As you grow older, travel sometimes becomes more difficult. You are not ready to drive across the country; not to mention foreign travel, where you might die. You worry about renting a car and your liability. And, airline flights are really a problem. Carry-on luggage! Early/late flights. The hassle of security. The cost. Cramped seats. Your eating/sleeping habits interrupted. Sometimes it is just too much.
And internationally, Medicare does not work. And, what if you get sick, run out of medicine, fall, die, etc. Fear, fear, fear!
I am not advocating not travelling; and, certainly I would be the last to give up international travel, even if my return trip is in a box.
However, don’t forget your own backyard. In your own state you can find a hundred places to visit that you passed up or forgot; and, you can find a number of ways to get there without a lot of hassle. Most are driveable in a short time; even in large states such as New Mexico and Arizona.

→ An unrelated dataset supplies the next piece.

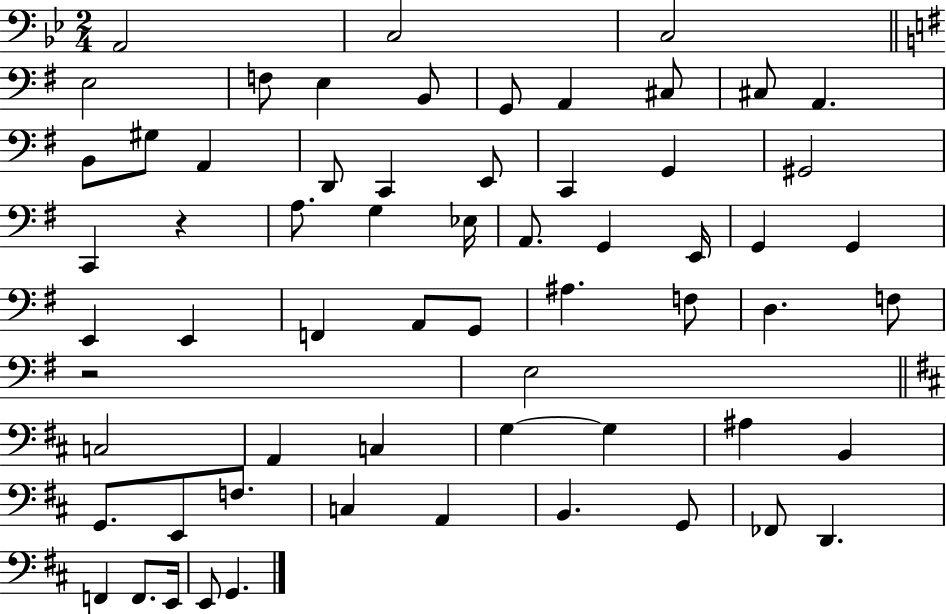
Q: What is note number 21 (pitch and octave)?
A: G#2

I will take you on a tour of my backyard with trips around New Mexico and Arizona. This is my backyard; big, but manageable.
The goal is to search out interesting and unusual places that we, as “old people” might find interesting. These are places that will give us topics of conversation.

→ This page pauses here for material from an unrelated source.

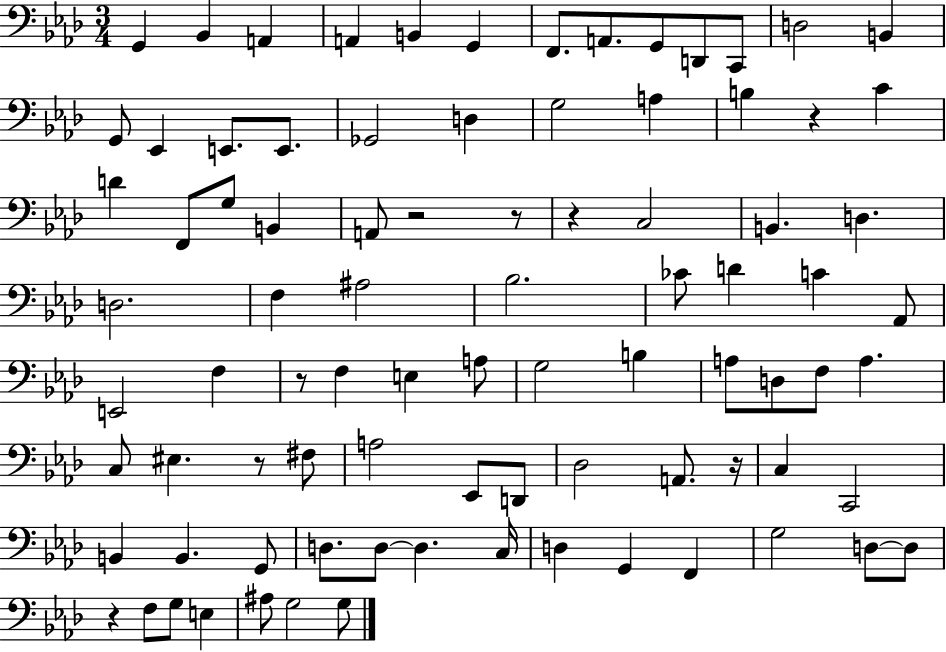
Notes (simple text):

G2/q Bb2/q A2/q A2/q B2/q G2/q F2/e. A2/e. G2/e D2/e C2/e D3/h B2/q G2/e Eb2/q E2/e. E2/e. Gb2/h D3/q G3/h A3/q B3/q R/q C4/q D4/q F2/e G3/e B2/q A2/e R/h R/e R/q C3/h B2/q. D3/q. D3/h. F3/q A#3/h Bb3/h. CES4/e D4/q C4/q Ab2/e E2/h F3/q R/e F3/q E3/q A3/e G3/h B3/q A3/e D3/e F3/e A3/q. C3/e EIS3/q. R/e F#3/e A3/h Eb2/e D2/e Db3/h A2/e. R/s C3/q C2/h B2/q B2/q. G2/e D3/e. D3/e D3/q. C3/s D3/q G2/q F2/q G3/h D3/e D3/e R/q F3/e G3/e E3/q A#3/e G3/h G3/e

My goal is to visit places that interest me, and sometimes, my wife. I will provide you with search terms that you can apply to your own backyard and will search out tips for you as a senior. I will also view places acceptable to grandkids.
Anyway, I have lived in New Mexico for almost 50 years and there are large parts of it I have not seen, or experienced. Places new and very, very old.
I don’t want to forget why I came here; Philmont Scout Ranch in 1954, the diverse population, the extremes in poverty and education, the extremes in geography, and the laid-back lifestyle.These all seem even more important to me now as I approach 74.
If you are travelling and want an interesting way to experience your destination, consider “Continuing Education.” In most towns with a university there is a continuing education program. All you have to do is search “continuing education” and the town or university that you are interested in.
Since I live in Albuquerque, New Mexico, I use UNM. (ce.unm.edu) This link takes you to the Story of New Mexico. Here you can find lectures and trips around New Mexico. The nice thing about these trips is that they include transportation, a guide, lodgings in interesting places, and some meals.
I have selected, but not yet registered for (the catalog just came today), the following fall trips:
1. Visit Georgia O’Keefe Home and Studio – $95 on Oct. 7 or Nov. 14. – This tour is usually wait-listed.
2. Hopiland – Two days – Aug. 20-21 and Nov. 5-6 – $260.
3. Acoma Pueblo San Estevan Feast Day and Harvest Dance -Sep. 2 – $70.
4. The San Ildefonso Corn Harvest Dance – Sept. 8 – $70
5. Meeting the Spirituality of Northern New Mexico – Oct. 30-31 – $300.
6. The Confederate Invasion of New Mexico; Glorieta Pass – Nov. 7 – $92.
And a lot more. This is just New Mexico. You have to get on your computer and see what is available where you are going and when. I have done it in New Mexico, Arizona and Florida.
If you are old like me, you may not be comfortable driving in strange places, or after dark. You might also like to have arrangements made for you.
One of the best tours that I have taken was to the Crownpoint Rug Auction. It was great to have someone else drive me to Crownpoint; but, it was even better to have someone drive me back to Albuquerque at 1:00 in the morning after the auction was over. You can buy Navajo rugs from the weavers who wove them; and, at good prices.
A word of advice. Don’t eat the furnished “box lunch.” Go for the fry bread and the Indian Tacos that they serve at the auction. This trip was run by the senior centers in Albuquerque a few years ago. I have been watching for it to pop up again. An excellent source of trips is the senior center bulletin board; the centers are also good for free books, cheap coffee and cheap lunches. You can also find wi-fi. Next new town you are in, stop by a senior center and see what they have.